Slide 62 Sherzai, Ayesha, et al. "Stroke, food groups, and dietary patterns: a systematic review." Nutrition reviews 70.8 (2012): 423-435.
Focus on what we know and not what is up for debate. We know that plant foods are protective of our health, even when it comes to stroke. I suspect that if we are being honest, nearly every one of us who has not already been indoctrinated by low-carb books and blogs understands that fruits and vegetables help us to be our healthiest. Don’t let the noise from the blogosphere confuse you and cause you to risk your wellness.
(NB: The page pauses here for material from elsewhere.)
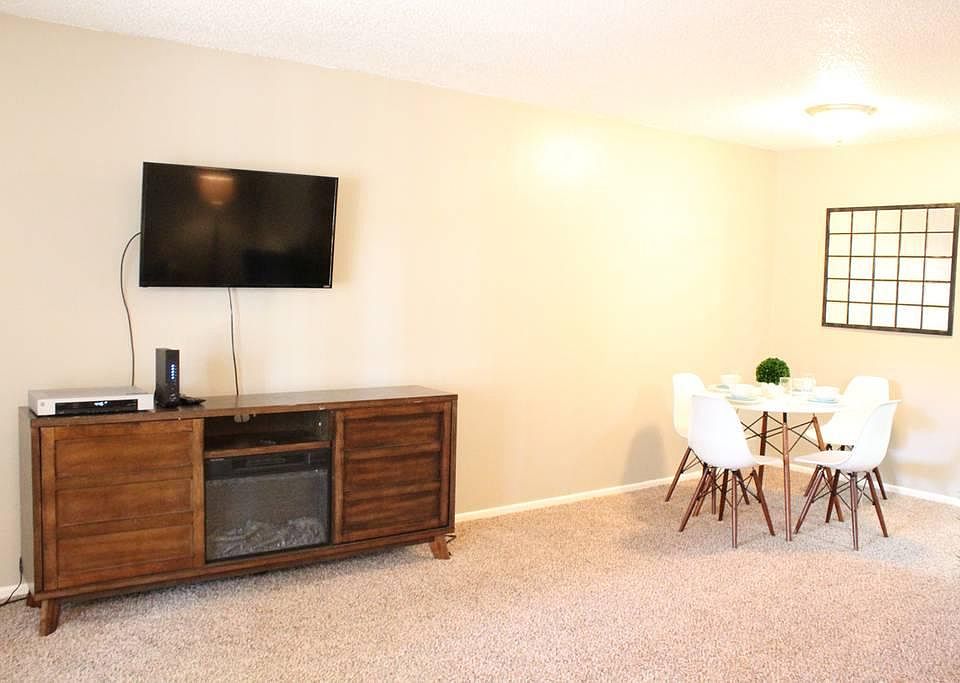 1st image of 4010 Tanglewood Ln APT 24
Slide 63 Siri-Tarino, Patty W., et al. "Saturated fatty acids and risk of coronary heart disease: modulation by replacement nutrients." Current atherosclerosis reports12.6 (2010): 384-390.
And don’t let yourself get too impressed with the work of people who receive money from the special interests promoting beef, dairy, and low-carb. All of these authors know enough that they could have spotted most of what I’ve shown you in these two videos. But they didn’t have much incentive to be so critical so they weren’t.
This playlist now shifts focus. Two low-carb promoters, Gary Taubes and Peter Attia, have acquired considerable funding in their efforts to generate biased studies that favor fatty, artery-clogging diets. Before we accept the research they produce, we need to consider the source. We’ll get to know the NuSI guys starting with the next video.